Lynx overwhelm Indiana, claim WNBA title with Game 5 rout
MINNEAPOLIS -- Tears streamed down the face of Seimone Augustus. Lindsay Whalen limped off the floor with a badly sprained ankle. Maya Moore couldn't hit a shot.
The third championship for the Minnesota Lynx was by far their most difficult. And that made the party that much sweeter.
With a suffocating defense and a yearning to celebrate in front of their loyal fans, the Lynx turned a tense WNBA Finals into a runaway.
Sylvia Fowles had 20 points and 11 rebounds, and the Lynx captured their third title in five years with a 69-52 victory over the Indiana Fever in Game 5 on Wednesday night.
Augustus added 16 points and Rebekkah Brunson grabbed 14 rebounds for the Lynx, who also won it all in 2011 and 2013. Moore scored just five points on 1-for-8 shooting, but the Lynx forced 21 turnovers and held Indiana to 35.7 percent shooting in the league's first Game 5 since 2009.
"This never gets old," champagne-soaked Lynx coach Cheryl Reeve said.
Tamika Catchings had 18 points and 11 rebounds for the Fever, who were looking for their second championship.
Finally, the Lynx got to celebrate on their home court.
They won their first two titles on the road in Atlanta, forcing the success-starved Twin Cities sports fans to revel from afar.

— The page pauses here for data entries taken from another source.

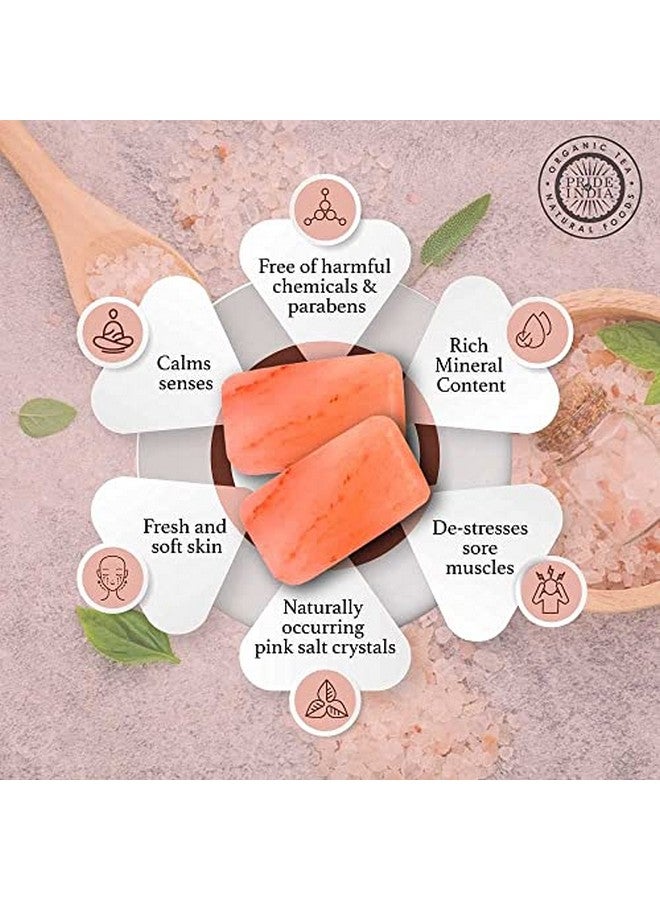 Pride Of India Pink Salt Crystal Accessories (Pink Salt Crystal Soap Regular Shape) - Image 4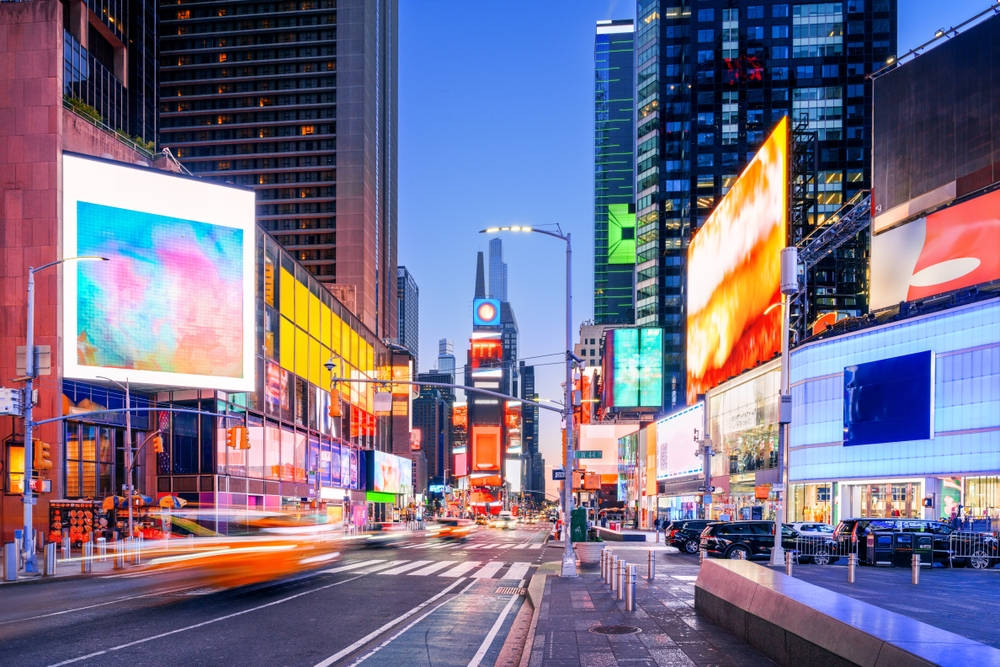 Florida Hung a Billboard in Times Square Thanking Zohran Mamdani for All the Jobs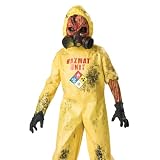 In Character Kids Hazmat Suit Boys Burn Victim Halloween Costume
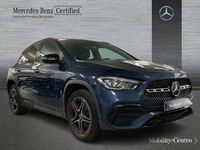 Usado Mercedes GLA250 AMG line 218 CV (160 kW) 2022 Azul denim SUV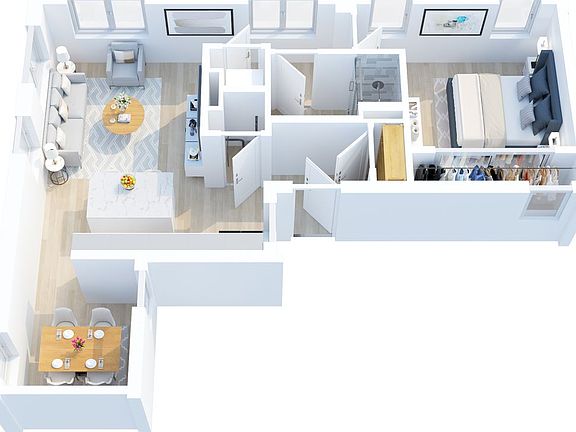 2nd image of 105 W College Ave #801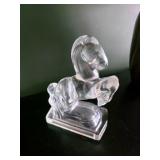 Pair of L.E. Smith vtg Bookends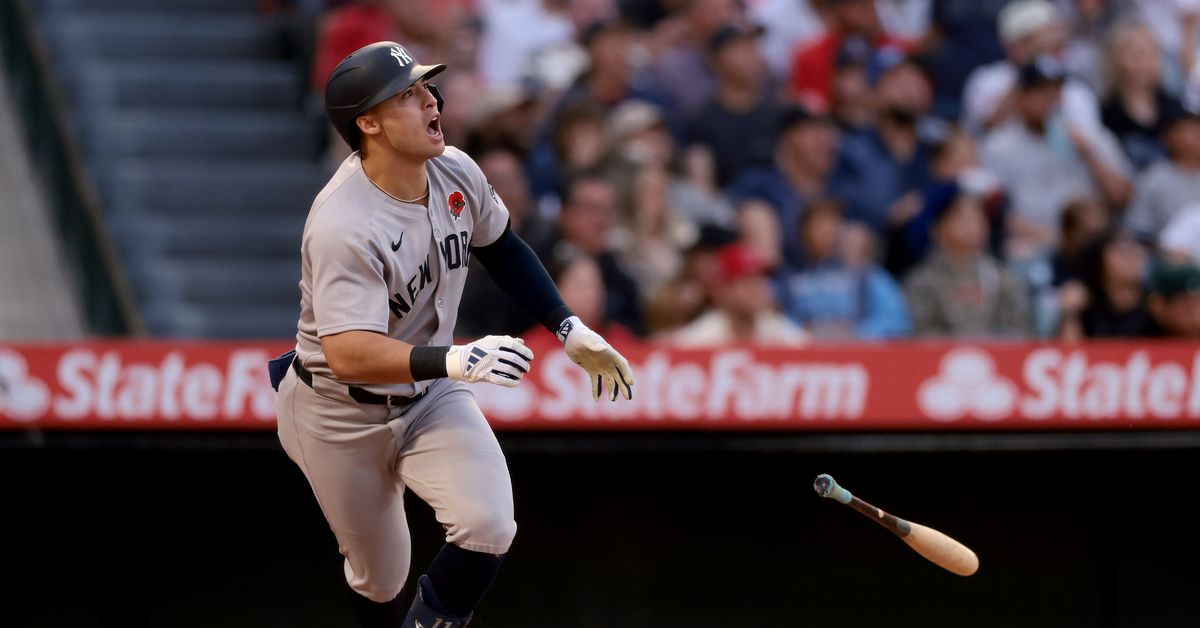 Yankees 5, Angels 1: New York takes the series opener in LA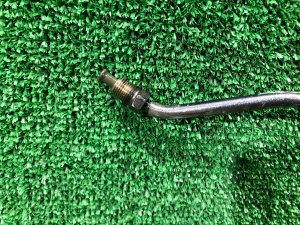 ท่อเบรกหน้า SUBARU LANCASTER OEM 26514AE080 BHE 2002 EZ30
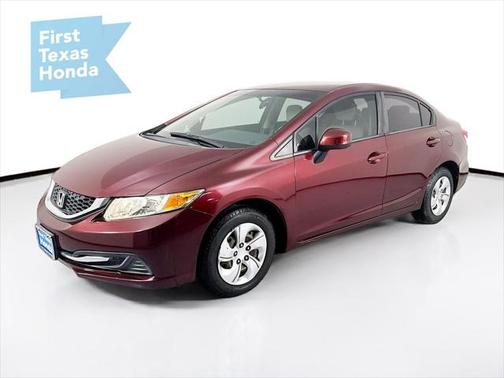 2013 Honda Civic LX
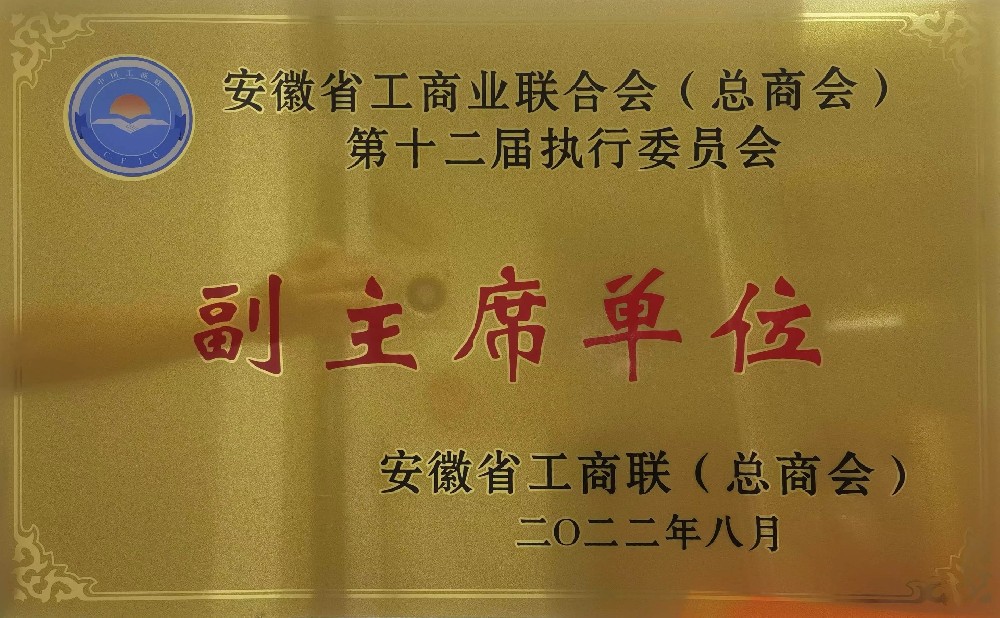省工商联第十二届执行委员会副主席单位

When the final buzzer sounded, a franchise-record 18,933 fans waved white towels while singer Prince watched from a suite above Target Center's lower bowl.
And celebrate they did.
Augustus shed tears of joy after a throwback performance. Owner Glen Taylor hugged Reeve, and Moore leaped on to the scorer's table and pumped her fists toward the crowd.
"We kept grinding and working despite everything that we've been through," Augustus said.
It was a stunning collapse for the previously unflappable Fever, who had staved off elimination five straight times in these playoffs leading into Game 5.
January and Catchings helped turn Indiana into a tough, confident bunch that erased an 18-point deficit to beat the New York Liberty in Game 2 of the Eastern Conference finals, but finally ran into a wall they couldn't break through at the boisterous Target Center.
In the second and third quarters, the Fever scored 12 points total and turned the ball over 17 times.
Star guard Briann January scored six points in the first quarter for Indiana, but didn't get her next bucket until six minutes were gone in the third. She finished with 13 points on 6-for-15 shooting.
"They just outplayed us in every single way," Fever coach Stephanie White said. "They looked like a team that was on a mission and they played like it."
The game got off to an ugly start, with the Lynx slugging out a 27-21 lead at halftime in the lowest-scoring first half in finals history. Neither team could hit a shot or hold on to the ball, and Moore was held to just three points on 1-for-5 shooting.
The Lynx kept the defense set to stifling in the second half, but finally started to generate a little offense in the third to gradually pull away.
Fowles, who was named series MVP, had her way inside as she did for much of the finals and finally got some help from Augustus, who chipped in a vintage jumper and drive before Renee Montgomery turned the 20th turnover of the game into a layup just before the third-quarter buzzer that pushed Minnesota's lead to 19 points.
In a community that has suffered through so much sports heartache over the last two decades, the Lynx have cemented themselves as a welcome respite. The record crowd that turned out for Game 5 got to watch a star-studded team that has become the league's gold standard finish off one of the most impressive five-year runs in WNBA history.
Four finals appearances. A championship every other season starting in 2011. And on Wednesday night, a little revenge that was three years in the making.
The Fever stunned the heavily favored Lynx in 2012, beating them at home in Game 1 and finishing them off back home in Indiana to dethrone the champions. The Lynx came back to win it in 2013 before losing to Phoenix in the Western Conference finals last year.
The march to their third championship was harder than ever, with Whalen and Augustus missing big chunks of time with injuries and a style-altering trade that brought Fowles to the post midseason.
"Those are things that kind of fueled this group," Reeve said. "At the same time it made them appreciate things."
Reeve said the struggles made her veteran core appreciate this run more than any other, and they partied like it. A private concert at Prince's Minneapolis estate awaited and no one was about to miss it.
"Wasn't a perfect year, perfect series or a perfect game," Moore said. "But we're champions."